━━━━━ Data ━━━━━
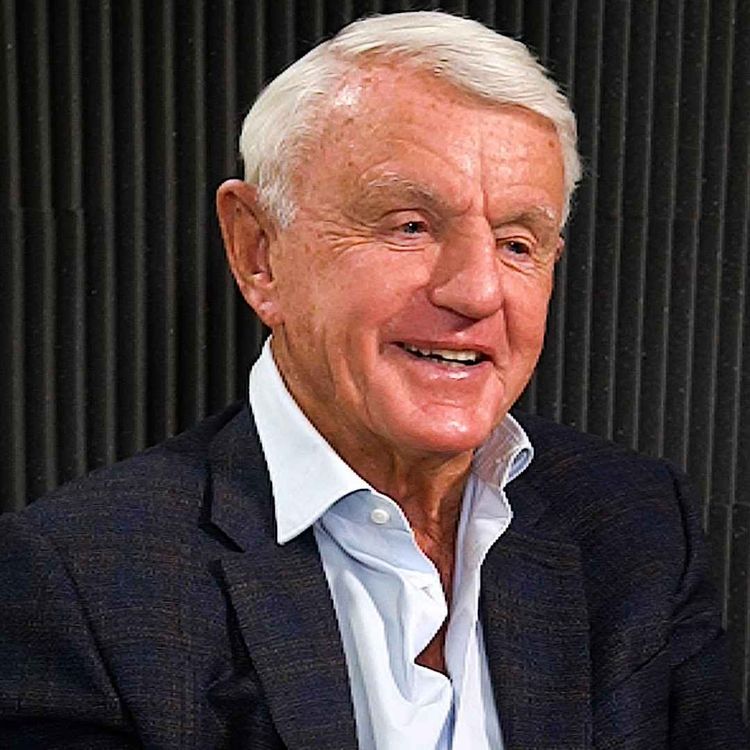 cover art for Egil Stenshagen om BMW, oppkjøp og rally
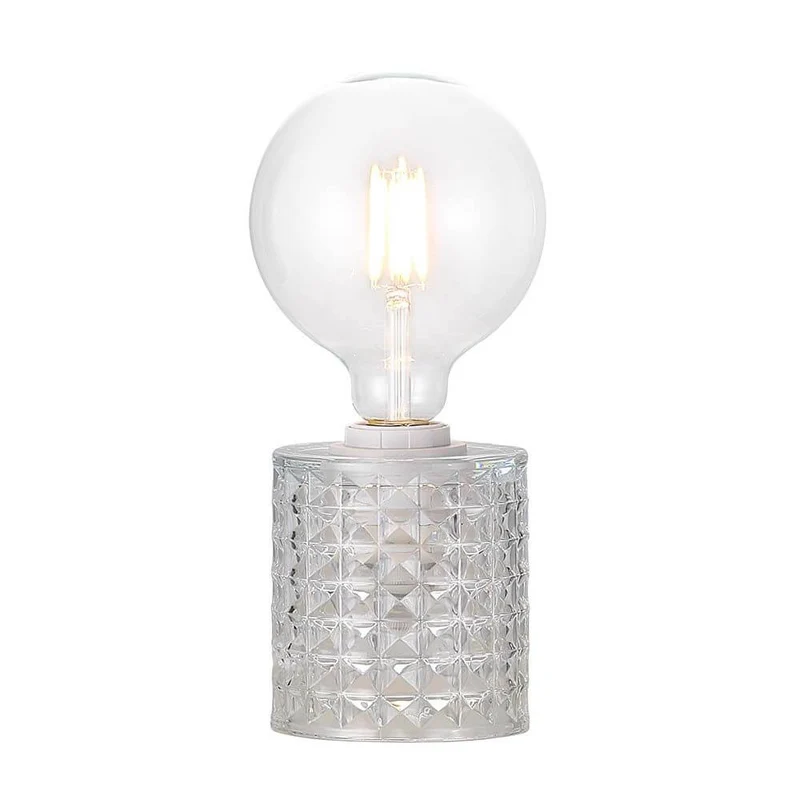 Tischlampe Hollywood Klar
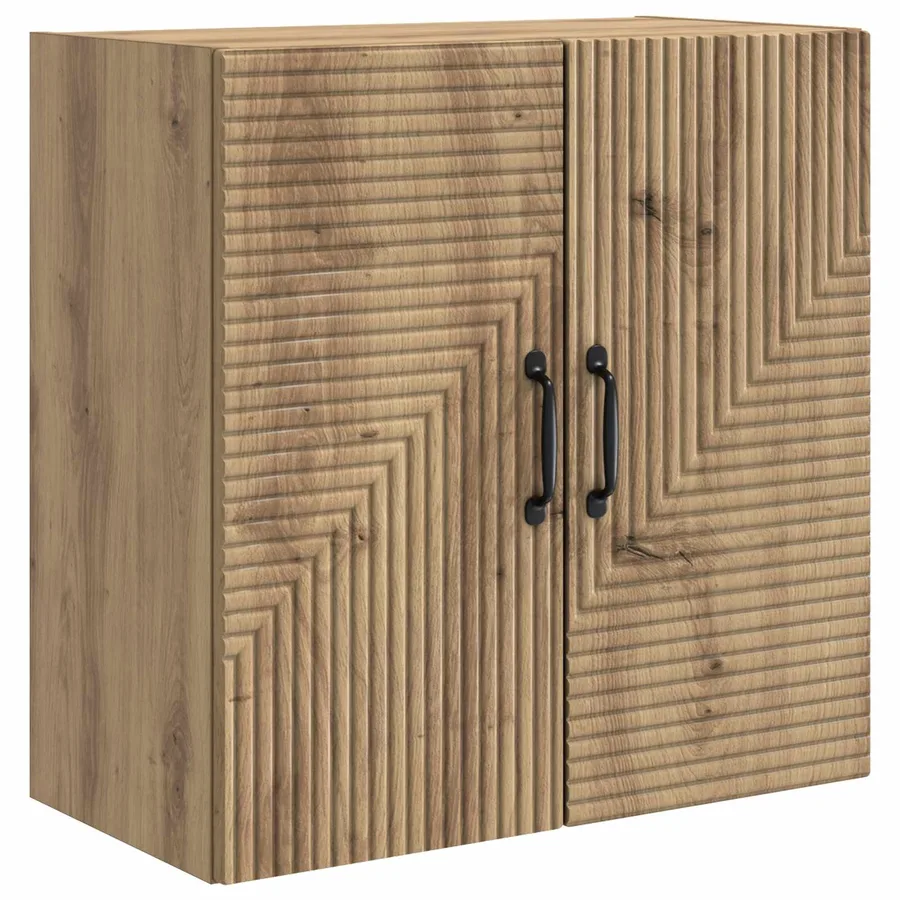 Armoire Murale 59 x 31 x 60 cm Bois d'ingénierie - 2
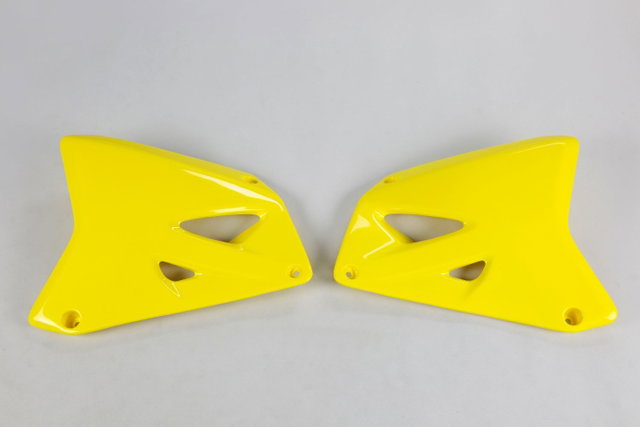 Radiator Shrouds Suzuki RM 250 (01-12) yellow* SU03987-102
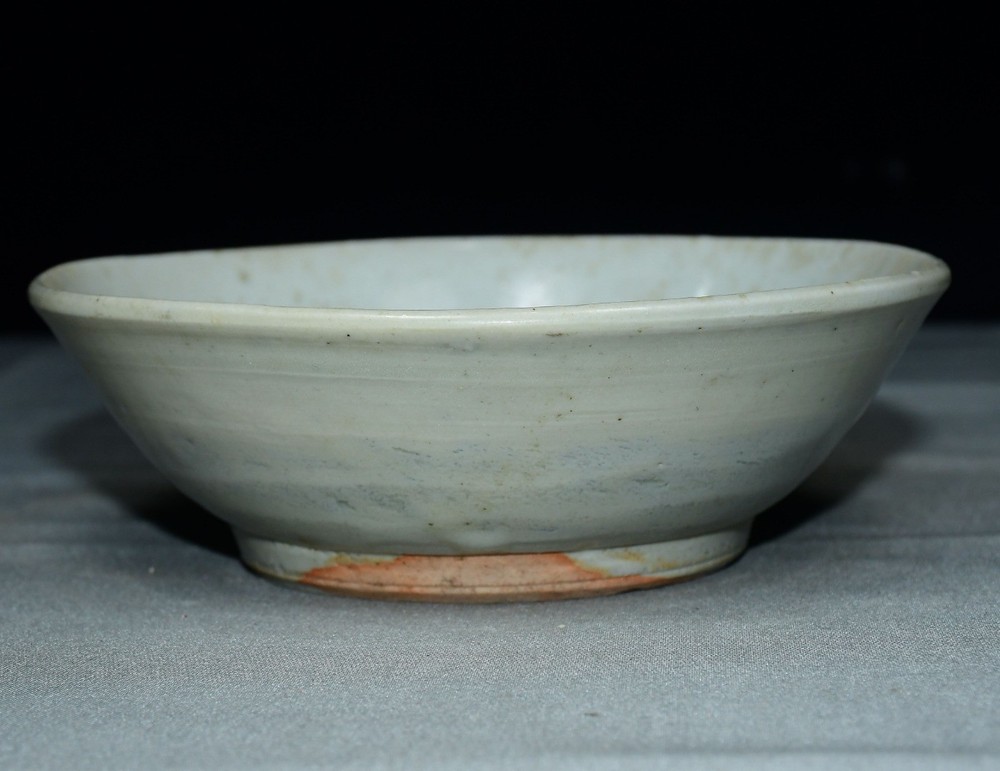 Exquisite Old Porcelain Bowl Ornaments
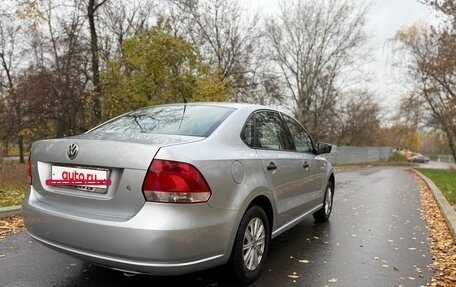 Volkswagen Polo VI (EU Market), 2010 год, 620 000 рублей, 5 фотография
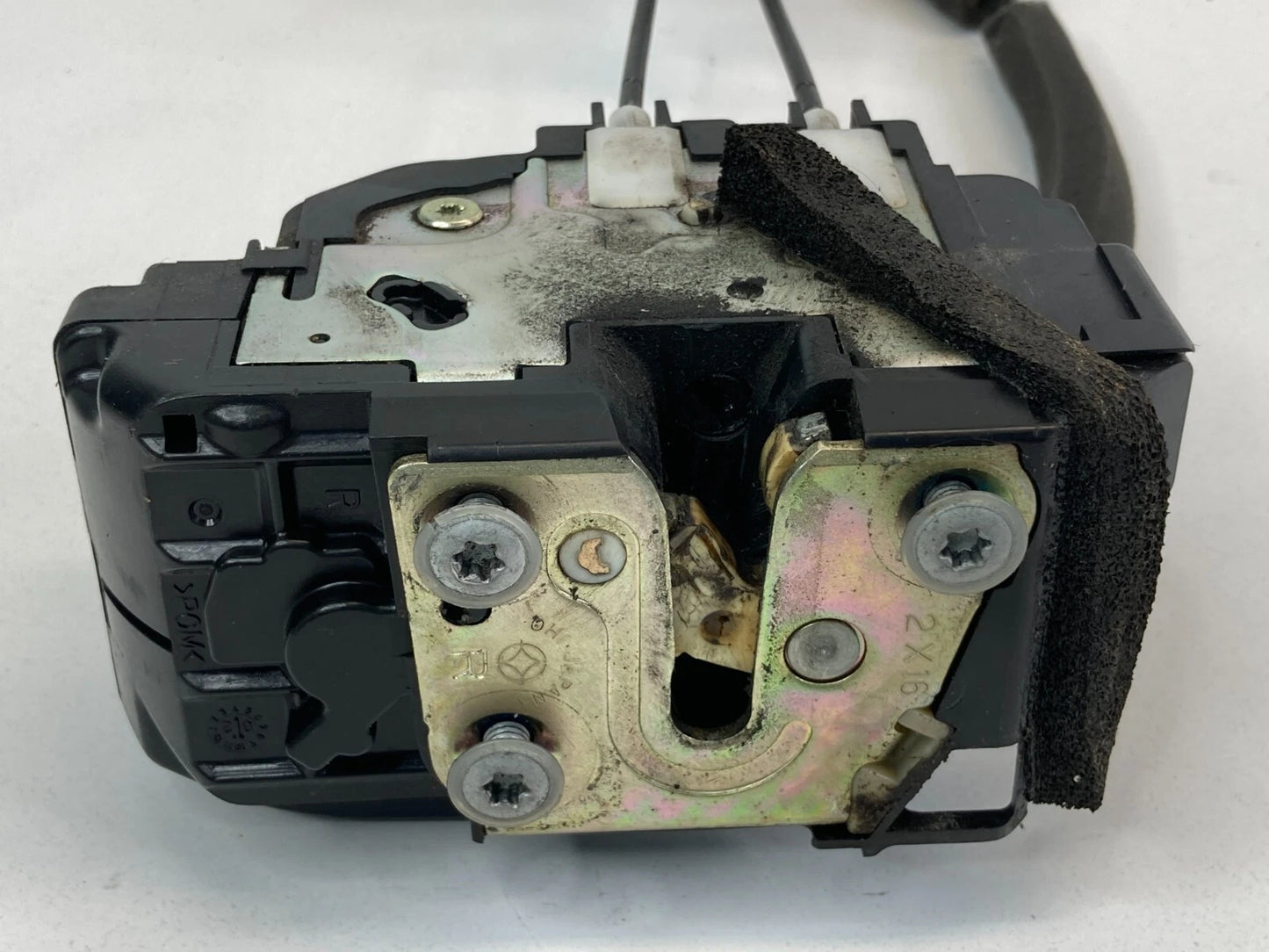 03 04 INFINITI G35 FRONT RIGHT PASSENGER DOOR LOCK ACTUATOR LATCH ASSEMBLY OEM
━━━━━
_Instructions for the task_
Could you repeat exactly the lines from the one containing "Radiator Shrouds Suzuki" to the last line of the records, both included, and leave out every picture?

_Written answer_
 Radiator Shrouds Suzuki RM 250 (01-12) yellow* SU03987-102
 Exquisite Old Porcelain Bowl Ornaments
 Volkswagen Polo VI (EU Market), 2010 год, 620 000 рублей, 5 фотография
 03 04 INFINITI G35 FRONT RIGHT PASSENGER DOOR LOCK ACTUATOR LATCH ASSEMBLY OEM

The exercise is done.